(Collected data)
□ □ □
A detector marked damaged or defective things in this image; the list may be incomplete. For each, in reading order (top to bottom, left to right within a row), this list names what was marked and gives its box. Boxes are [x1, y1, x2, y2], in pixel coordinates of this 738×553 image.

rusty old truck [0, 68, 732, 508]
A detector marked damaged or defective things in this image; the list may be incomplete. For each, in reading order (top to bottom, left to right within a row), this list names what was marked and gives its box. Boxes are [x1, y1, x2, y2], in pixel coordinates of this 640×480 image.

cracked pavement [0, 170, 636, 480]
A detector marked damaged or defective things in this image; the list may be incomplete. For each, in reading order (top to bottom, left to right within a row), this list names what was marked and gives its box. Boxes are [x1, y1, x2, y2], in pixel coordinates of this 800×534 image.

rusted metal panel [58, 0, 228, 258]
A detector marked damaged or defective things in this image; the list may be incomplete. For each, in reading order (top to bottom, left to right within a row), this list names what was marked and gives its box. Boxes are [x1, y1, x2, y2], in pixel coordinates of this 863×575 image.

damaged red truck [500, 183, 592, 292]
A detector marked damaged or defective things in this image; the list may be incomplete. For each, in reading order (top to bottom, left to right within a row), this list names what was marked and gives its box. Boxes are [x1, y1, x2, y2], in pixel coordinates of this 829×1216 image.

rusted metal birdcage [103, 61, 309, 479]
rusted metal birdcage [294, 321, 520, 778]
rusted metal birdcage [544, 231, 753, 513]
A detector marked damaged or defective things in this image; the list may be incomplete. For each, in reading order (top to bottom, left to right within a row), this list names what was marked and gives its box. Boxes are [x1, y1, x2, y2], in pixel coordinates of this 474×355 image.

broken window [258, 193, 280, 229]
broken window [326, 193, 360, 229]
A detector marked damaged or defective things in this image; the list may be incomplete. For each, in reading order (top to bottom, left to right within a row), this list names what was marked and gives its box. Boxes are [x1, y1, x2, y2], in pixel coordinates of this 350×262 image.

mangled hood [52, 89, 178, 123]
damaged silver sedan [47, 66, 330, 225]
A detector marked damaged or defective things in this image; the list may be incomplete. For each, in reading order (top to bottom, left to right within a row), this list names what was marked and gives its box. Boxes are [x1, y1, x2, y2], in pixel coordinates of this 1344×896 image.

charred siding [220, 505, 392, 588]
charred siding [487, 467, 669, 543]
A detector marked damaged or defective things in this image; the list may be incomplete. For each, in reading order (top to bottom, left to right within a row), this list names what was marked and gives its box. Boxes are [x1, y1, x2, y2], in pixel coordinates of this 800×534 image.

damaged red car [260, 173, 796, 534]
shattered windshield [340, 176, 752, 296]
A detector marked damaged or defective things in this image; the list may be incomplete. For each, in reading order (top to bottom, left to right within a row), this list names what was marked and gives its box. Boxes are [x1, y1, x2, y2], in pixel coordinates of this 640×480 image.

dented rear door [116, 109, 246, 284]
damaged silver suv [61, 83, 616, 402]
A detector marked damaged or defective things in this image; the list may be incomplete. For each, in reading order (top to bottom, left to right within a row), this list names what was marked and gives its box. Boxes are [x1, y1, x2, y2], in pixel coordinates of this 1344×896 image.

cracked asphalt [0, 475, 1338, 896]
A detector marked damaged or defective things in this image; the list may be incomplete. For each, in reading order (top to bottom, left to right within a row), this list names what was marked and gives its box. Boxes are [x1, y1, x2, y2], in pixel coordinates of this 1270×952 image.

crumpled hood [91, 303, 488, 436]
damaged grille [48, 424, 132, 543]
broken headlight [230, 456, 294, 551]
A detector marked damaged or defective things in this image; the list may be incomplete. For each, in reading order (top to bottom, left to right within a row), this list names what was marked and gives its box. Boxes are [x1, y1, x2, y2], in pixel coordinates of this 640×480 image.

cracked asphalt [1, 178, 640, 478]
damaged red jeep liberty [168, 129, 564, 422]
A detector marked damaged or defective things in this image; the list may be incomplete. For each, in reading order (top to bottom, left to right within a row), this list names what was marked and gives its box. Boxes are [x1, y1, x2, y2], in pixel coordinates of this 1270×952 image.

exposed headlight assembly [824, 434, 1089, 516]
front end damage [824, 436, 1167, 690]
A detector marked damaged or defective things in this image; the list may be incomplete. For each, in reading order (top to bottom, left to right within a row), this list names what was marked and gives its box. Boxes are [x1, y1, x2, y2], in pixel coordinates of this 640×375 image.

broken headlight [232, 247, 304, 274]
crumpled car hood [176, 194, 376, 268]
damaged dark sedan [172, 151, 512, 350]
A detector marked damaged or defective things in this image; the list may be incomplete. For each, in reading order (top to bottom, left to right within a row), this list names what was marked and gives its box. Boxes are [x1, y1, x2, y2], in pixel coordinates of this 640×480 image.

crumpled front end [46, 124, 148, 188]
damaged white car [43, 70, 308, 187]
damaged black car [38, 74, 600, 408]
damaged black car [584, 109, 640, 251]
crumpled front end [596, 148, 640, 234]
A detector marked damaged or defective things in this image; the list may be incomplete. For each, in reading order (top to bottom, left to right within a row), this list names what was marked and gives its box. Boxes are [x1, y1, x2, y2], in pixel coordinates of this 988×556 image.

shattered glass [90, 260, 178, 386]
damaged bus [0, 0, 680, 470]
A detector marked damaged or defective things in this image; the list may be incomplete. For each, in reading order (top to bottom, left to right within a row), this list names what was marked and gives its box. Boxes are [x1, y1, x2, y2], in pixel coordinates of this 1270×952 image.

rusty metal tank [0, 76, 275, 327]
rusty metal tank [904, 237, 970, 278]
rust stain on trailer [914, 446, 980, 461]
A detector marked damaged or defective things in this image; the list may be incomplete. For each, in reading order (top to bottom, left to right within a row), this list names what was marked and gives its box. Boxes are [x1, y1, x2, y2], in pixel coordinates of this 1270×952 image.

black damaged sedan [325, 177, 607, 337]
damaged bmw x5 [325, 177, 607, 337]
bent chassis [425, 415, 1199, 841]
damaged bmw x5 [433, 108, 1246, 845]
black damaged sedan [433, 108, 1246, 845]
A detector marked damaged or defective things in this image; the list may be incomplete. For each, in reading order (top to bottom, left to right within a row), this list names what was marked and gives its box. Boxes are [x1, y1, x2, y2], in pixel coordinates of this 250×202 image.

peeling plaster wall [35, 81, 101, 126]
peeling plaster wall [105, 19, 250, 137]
□ □ □
_TASK GOAL_
Reproduce all of the entries above verbatim.

_TASK RESULT_
A detector marked damaged or defective things in this image; the list may be incomplete. For each, in reading order (top to bottom, left to right within a row), this list names what was marked and gives its box. Boxes are [x1, y1, x2, y2], in pixel coordinates of this 738×553 image.

rusty old truck [0, 68, 732, 508]
A detector marked damaged or defective things in this image; the list may be incomplete. For each, in reading order (top to bottom, left to right within a row), this list names what was marked and gives its box. Boxes are [x1, y1, x2, y2], in pixel coordinates of this 640×480 image.

cracked pavement [0, 170, 636, 480]
A detector marked damaged or defective things in this image; the list may be incomplete. For each, in reading order (top to bottom, left to right within a row), this list names what was marked and gives its box. Boxes are [x1, y1, x2, y2], in pixel coordinates of this 800×534 image.

rusted metal panel [58, 0, 228, 258]
A detector marked damaged or defective things in this image; the list may be incomplete. For each, in reading order (top to bottom, left to right within a row), this list names what was marked and gives its box. Boxes are [x1, y1, x2, y2], in pixel coordinates of this 863×575 image.

damaged red truck [500, 183, 592, 292]
A detector marked damaged or defective things in this image; the list may be incomplete. For each, in reading order (top to bottom, left to right within a row), this list names what was marked and gives its box. Boxes are [x1, y1, x2, y2], in pixel coordinates of this 829×1216 image.

rusted metal birdcage [103, 61, 309, 479]
rusted metal birdcage [294, 321, 520, 778]
rusted metal birdcage [544, 231, 753, 513]
A detector marked damaged or defective things in this image; the list may be incomplete. For each, in reading order (top to bottom, left to right within a row), this list names what was marked and gives its box. Boxes are [x1, y1, x2, y2], in pixel coordinates of this 474×355 image.

broken window [258, 193, 280, 229]
broken window [326, 193, 360, 229]
A detector marked damaged or defective things in this image; the list may be incomplete. For each, in reading order (top to bottom, left to right within a row), this list names what was marked and gives its box. Boxes are [x1, y1, x2, y2], in pixel coordinates of this 350×262 image.

mangled hood [52, 89, 178, 123]
damaged silver sedan [47, 66, 330, 225]
A detector marked damaged or defective things in this image; the list may be incomplete. For each, in reading order (top to bottom, left to right within a row), this list names what was marked and gives its box. Boxes are [x1, y1, x2, y2], in pixel coordinates of this 1344×896 image.

charred siding [220, 505, 392, 588]
charred siding [487, 467, 669, 543]
A detector marked damaged or defective things in this image; the list may be incomplete. For each, in reading order (top to bottom, left to right within a row), this list names what was marked and gives its box. Boxes are [x1, y1, x2, y2], in pixel coordinates of this 800×534 image.

damaged red car [260, 173, 796, 534]
shattered windshield [340, 176, 752, 296]
A detector marked damaged or defective things in this image; the list may be incomplete. For each, in reading order (top to bottom, left to right within a row), this list names what was marked and gives its box. Boxes are [x1, y1, x2, y2], in pixel coordinates of this 640×480 image.

dented rear door [116, 109, 246, 284]
damaged silver suv [61, 83, 616, 402]
A detector marked damaged or defective things in this image; the list may be incomplete. For each, in reading order (top to bottom, left to right within a row), this list names what was marked and gives its box. Boxes are [x1, y1, x2, y2], in pixel coordinates of this 1344×896 image.

cracked asphalt [0, 475, 1338, 896]
A detector marked damaged or defective things in this image; the list may be incomplete. For each, in reading order (top to bottom, left to right within a row), this list names what was marked and gives its box. Boxes are [x1, y1, x2, y2], in pixel coordinates of this 1270×952 image.

crumpled hood [91, 303, 488, 436]
damaged grille [48, 424, 132, 543]
broken headlight [230, 456, 294, 551]
A detector marked damaged or defective things in this image; the list may be incomplete. For each, in reading order (top to bottom, left to right within a row), this list names what was marked and gives its box. Boxes are [x1, y1, x2, y2], in pixel coordinates of this 640×480 image.

cracked asphalt [1, 178, 640, 478]
damaged red jeep liberty [168, 129, 564, 422]
A detector marked damaged or defective things in this image; the list may be incomplete. For each, in reading order (top to bottom, left to right within a row), this list names what was marked and gives its box. Boxes are [x1, y1, x2, y2], in pixel coordinates of this 1270×952 image.

exposed headlight assembly [824, 434, 1089, 516]
front end damage [824, 436, 1167, 690]
A detector marked damaged or defective things in this image; the list may be incomplete. For each, in reading order (top to bottom, left to right within a row), this list names what was marked and gives its box. Boxes are [x1, y1, x2, y2], in pixel coordinates of this 640×375 image.

broken headlight [232, 247, 304, 274]
crumpled car hood [176, 194, 376, 268]
damaged dark sedan [172, 151, 512, 350]
A detector marked damaged or defective things in this image; the list may be incomplete. For each, in reading order (top to bottom, left to right within a row), this list names what was marked and gives its box. Boxes are [x1, y1, x2, y2], in pixel coordinates of this 640×480 image.

crumpled front end [46, 124, 148, 188]
damaged white car [43, 70, 308, 187]
damaged black car [38, 74, 600, 408]
damaged black car [584, 109, 640, 251]
crumpled front end [596, 148, 640, 234]
A detector marked damaged or defective things in this image; the list may be incomplete. For each, in reading order (top to bottom, left to right within a row), this list names what was marked and gives its box. Boxes are [x1, y1, x2, y2], in pixel coordinates of this 988×556 image.

shattered glass [90, 260, 178, 386]
damaged bus [0, 0, 680, 470]
A detector marked damaged or defective things in this image; the list may be incomplete. For each, in reading order (top to bottom, left to right within a row), this list names what was marked and gives its box. Boxes are [x1, y1, x2, y2], in pixel coordinates of this 1270×952 image.

rusty metal tank [0, 76, 275, 327]
rusty metal tank [904, 237, 970, 278]
rust stain on trailer [914, 446, 980, 461]
A detector marked damaged or defective things in this image; the list may be incomplete. For each, in reading order (top to bottom, left to right within a row), this list names what was marked and gives its box. Boxes are [x1, y1, x2, y2], in pixel coordinates of this 1270×952 image.

black damaged sedan [325, 177, 607, 337]
damaged bmw x5 [325, 177, 607, 337]
bent chassis [425, 415, 1199, 841]
damaged bmw x5 [433, 108, 1246, 845]
black damaged sedan [433, 108, 1246, 845]
A detector marked damaged or defective things in this image; the list may be incomplete. For each, in reading order (top to bottom, left to right within a row), this list names what was marked and gives its box. Boxes are [x1, y1, x2, y2], in pixel coordinates of this 250×202 image.

peeling plaster wall [35, 81, 101, 126]
peeling plaster wall [105, 19, 250, 137]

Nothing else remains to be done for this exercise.